Aber wenn ich über meine Fahrten, im wesentlichen im Westen Berlins, nachdenke und mir vor Augen führe, wer denn diese bösen, rücksichtslosen, regelübertretenden Kampfradler so sind, dann fällt mir in der täglichen Beobachtung etwas auf: Natürlich sind ein paar junge, rücksichtslose Menschen dabei, die dem typischen Klischee entsprechen, der Hauptteil derer, die mich an der roten Ampel überholen, die wie selbstverständlich auf dem Bürgersteig fahren oder den Radweg in die Gegenrichtung benutzen sind – zumindest hier – älzere Leute, oft schon (geschätzt) im Rentenalter. Nicht die typischen Chaoten und rücksichtslosen Rowdies, die immer angeführt werden.

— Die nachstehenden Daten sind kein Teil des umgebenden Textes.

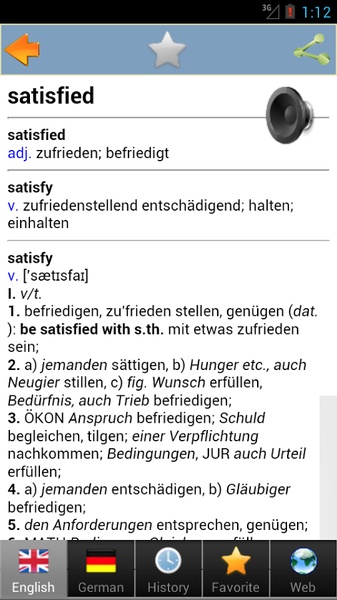 German best dict - Preview 7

Ich lese auch gerne die Polizeiberichte und achte vor allem auf die Fahrradunfälle – es ist schließlich weniger schmerzhaft aus den Fehlern anderer zu lernen. Auch hier fällt (ohne nachgezählt zu haben, das überlasse ich Leuten an passender Stelle, man möge also meinen Eindruck widerlegen, wenn ich falsch liege) oft auf, daß ältere Radfahrer in die Unfälle verwickelt sind. Daß es den flinken Fixie-Fahrer oder Kurier trifft, der unbestritten mehr Kilometer auf dem Rad hinter sich bringt und vielleicht aus beruflichem Druck oder weil es eben hip ist sicherlich auch die ein oder andere Regelübertretung begeht ist relativ selten.

Was steckt also dahinter? Gerade für ältere Menschen oder Gelegenheitsradfahrer sind sicherlich manche Situationen schlechter einzuschätzen, aber viele Dinge sind auch ungleich anstrengender, zum Beispiel das ständige stehenbleiben an Ampeln oder Umwege. Das allerdings ist kaum mit mehr Gesetzen oder Kennzeichen sinnvoll zu bekämpfen, hier müsste eine sinnvolle Radverkehrsplanung ansetzen. In den Niederlanden und auch in Kopenhagen gibt es in den Städten Fahrradstrecken, die Priorität vor anderen Verkehrsmitteln genießen. Die Strecken sind so angelegt, daß sie schnell und durchgängig mit möglicvhst wenigen Stops zu befahren sind. Das wird durch die Wegführung erreicht, aber auch durch entsprechende Anpassungen von Ampelphasen bzw. deren individueller Steuerung bei Annäherung. Für das Rechtsabbiegen gilt an vielen Ampeln in den Niederlanden, daß ich das – ähnlich wie beim grünen Pfeil als Autofahrer bei uns – darf. Und es führt nicht zu vermehrten Unfällen. Es sind viele dieser kleinen Maßnahmen, mit denen sich der Verkehr an die Bedürfnisse der Verkehrsteilnehmer anpasst und so zu einer klareren, sichereren Situation für alle Verkehrsteilnehmer führt. Nicht nur für Radfahrer.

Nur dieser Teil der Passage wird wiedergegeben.